(Records excerpted from a collection)

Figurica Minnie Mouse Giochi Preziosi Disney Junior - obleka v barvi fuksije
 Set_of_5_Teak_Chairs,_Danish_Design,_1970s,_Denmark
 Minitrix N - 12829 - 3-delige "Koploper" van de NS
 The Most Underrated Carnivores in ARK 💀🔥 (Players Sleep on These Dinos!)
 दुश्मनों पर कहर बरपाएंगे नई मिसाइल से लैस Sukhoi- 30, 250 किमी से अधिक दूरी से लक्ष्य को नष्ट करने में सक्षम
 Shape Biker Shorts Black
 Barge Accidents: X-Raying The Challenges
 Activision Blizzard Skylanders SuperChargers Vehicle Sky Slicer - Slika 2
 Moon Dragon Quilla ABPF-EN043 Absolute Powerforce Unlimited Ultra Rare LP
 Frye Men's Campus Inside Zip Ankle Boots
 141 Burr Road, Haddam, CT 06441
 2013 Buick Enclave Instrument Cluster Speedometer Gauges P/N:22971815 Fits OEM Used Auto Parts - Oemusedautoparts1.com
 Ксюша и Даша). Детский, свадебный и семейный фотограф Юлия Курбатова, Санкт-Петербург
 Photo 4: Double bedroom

The problem: Copy only the stretch running from the line containing "Shape Biker Shorts Black" to the final line of the entries, both ends included, exactly as it stands.

Solution to this problem:
 Shape Biker Shorts Black
 Barge Accidents: X-Raying The Challenges
 Activision Blizzard Skylanders SuperChargers Vehicle Sky Slicer - Slika 2
 Moon Dragon Quilla ABPF-EN043 Absolute Powerforce Unlimited Ultra Rare LP
 Frye Men's Campus Inside Zip Ankle Boots
 141 Burr Road, Haddam, CT 06441
 2013 Buick Enclave Instrument Cluster Speedometer Gauges P/N:22971815 Fits OEM Used Auto Parts - Oemusedautoparts1.com
 Ксюша и Даша). Детский, свадебный и семейный фотограф Юлия Курбатова, Санкт-Петербург
 Photo 4: Double bedroom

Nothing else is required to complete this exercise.